In the next talk, Rocco Servedio presented his work with Costas Daskalakis and Ilias Diakonikolas on learning and testing $k$-modal distributions. He focused on the learning problem, in which the goal is to obtain an algorithm that outputs a distribution with total variation distance at most $\epsilon$ from the sampled distribution. The algorithm has to use few samples and be computationally efficient. The first approach to the problem is to partition the support into intervals of mass approximately $\epsilon/k$ each, and then run an algorithm for learning monotone distributions on each of them. This gives a suboptimal algorithm that can be improved, using a testing algorithm to find the intervals containing maxima and minima of the distribution efficiently. The testing algorithm verifies that the distribution is monotone, provided it is $k$-modal. The general monotonicity question requires $\Omega(\sqrt{n})$ samples, where $n$ is the support size. The algorithms that Rocco presented use only $\mathrm{poly}(k,\log n,1/\epsilon)$ samples and are not far from the best known lower bound.

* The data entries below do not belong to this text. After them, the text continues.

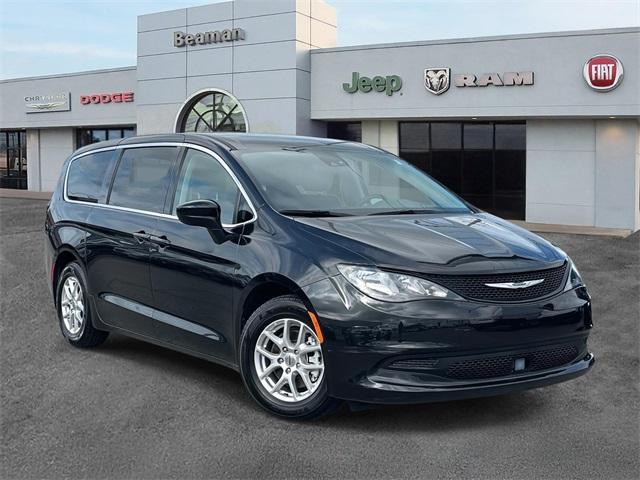 2023 Chrysler Voyager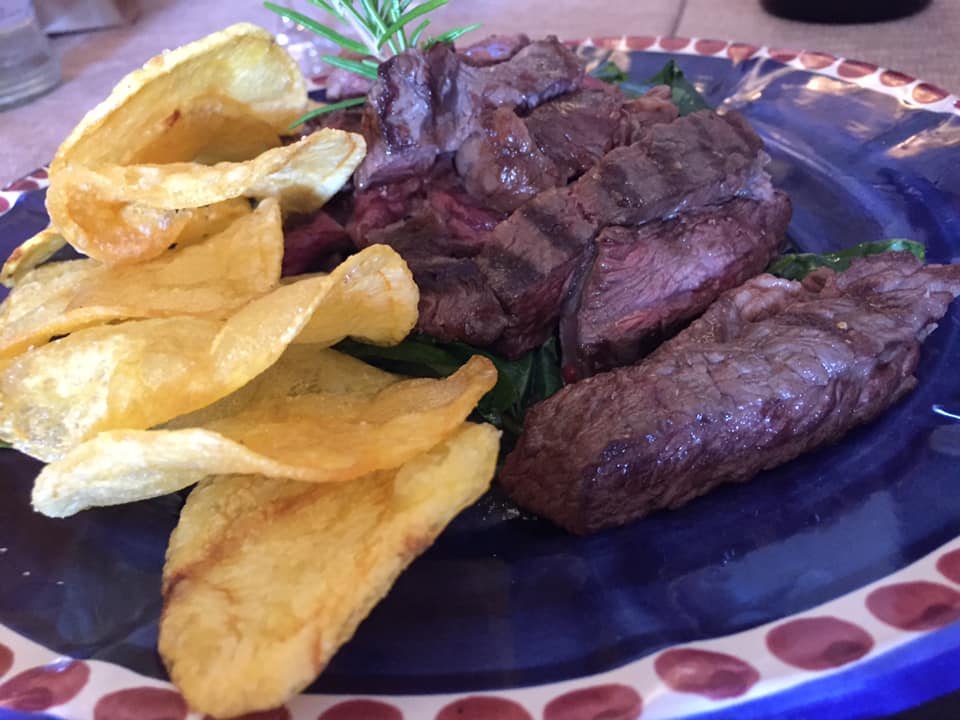 Il Cellaio di Don Gennaro, tagliata con chips di patate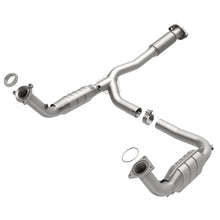 Load image into Gallery viewer, MagnaFlow Conv DF 05-06 GMC Envoy XL Denali

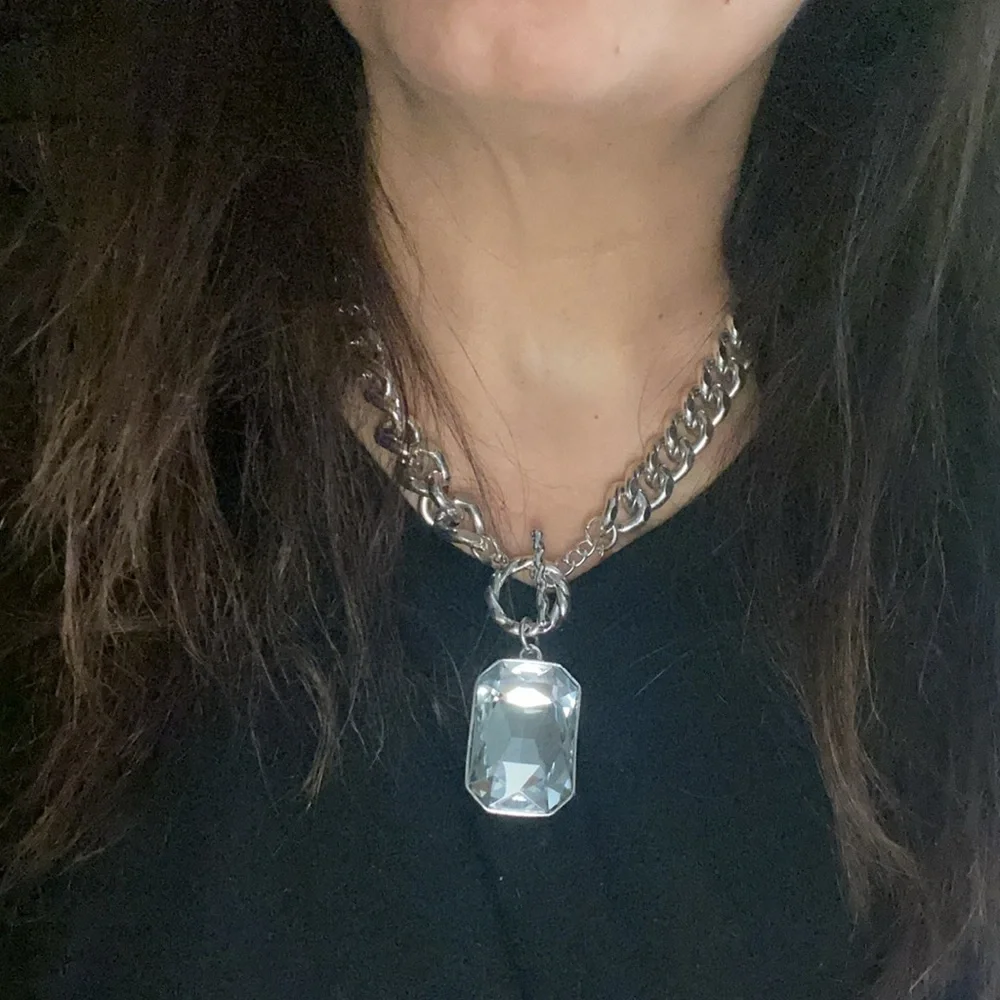 Traci Lynn Bold Chunky Large Silver Tone Necklace - Picture 7 of 8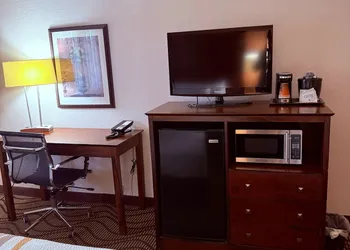 Mountain Valley Inn & Suites hotel thumbnail 8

During the following coffee break, we admired a part of the castle’s exposition, just outside of the lecture room:

Madhu Sudan discussed his several papers with various coauthors on local testability of affine-invariant properties. Many kinds of property testing can be seen as the study of a specific set of invariants. For instance, the invariants for graphs are permutations of vertices. For Boolean functions, they are often permutations of variables.
In this talk, Madhu looked at functions mapping $K$ to $F$, where both $F$ and $K$ are fields, and the size of $K$ is $|F|^n$. The affine invariance means that if a function $f$ has the tested property, so does the function $g_{a,b}(x) = f(ax + b)$. One of the main inspirations for this work is linearity testing ([Blum, Luby, Rubinfeld]), which has been very useful and resulted in surprising testers that use only a constant number of queries. One of the goals is to discover other such interesting properties that may be just as useful. Among other things, Madhu discussed the important subclass of affine-invariant properties that have “single orbit characterizations”. One can show that these properties are locally testable with one sided error. Madhu showed a sequence of classes, in which this one was innermost. Further research goals include understanding the testability of superclasses of properties in this sequence.

Arnab Bhattacharyya touched upon a related topic. He focused on Boolean functions on the hypercube. For dense graphs, it has been shown that the properties testable in constant-time are exactly hereditary properties (or “almost hereditary properties”). Hereditary properties are the properties closed under vertex removal. A similar question arises in the study of Boolean functions. A subspace hereditary property is property that still holds if the function is restricted to a subspace. The main conjecture that this line of research tries to resolve is: “All subspace-hereditary linear-invariant properties are testable.” Arnab presented a proof that a large subclass of these properties is testable.

Tali Kaufman talked about her recent research with Irit Dinur. They investigate the relation between locally testable codes and expander graphs. [Sipser, Spielman] showed that expanders can be used to obtain very good correcting codes. A natural question that arises in this context is what graphs lead to good codes. It turns out that using expanders with sufficiently good expansion one can obtain locally testable codes, provided the expansion is not too high, in which case the code loses the property called robustness (see [Ben-Sasson, Harsha, Raskhodnikova]). So what can we say about graphs that lead to locally testable codes? Tali showed that the constraint graph of such codes is a small set expander, that is, all sets of sublinear size expand well.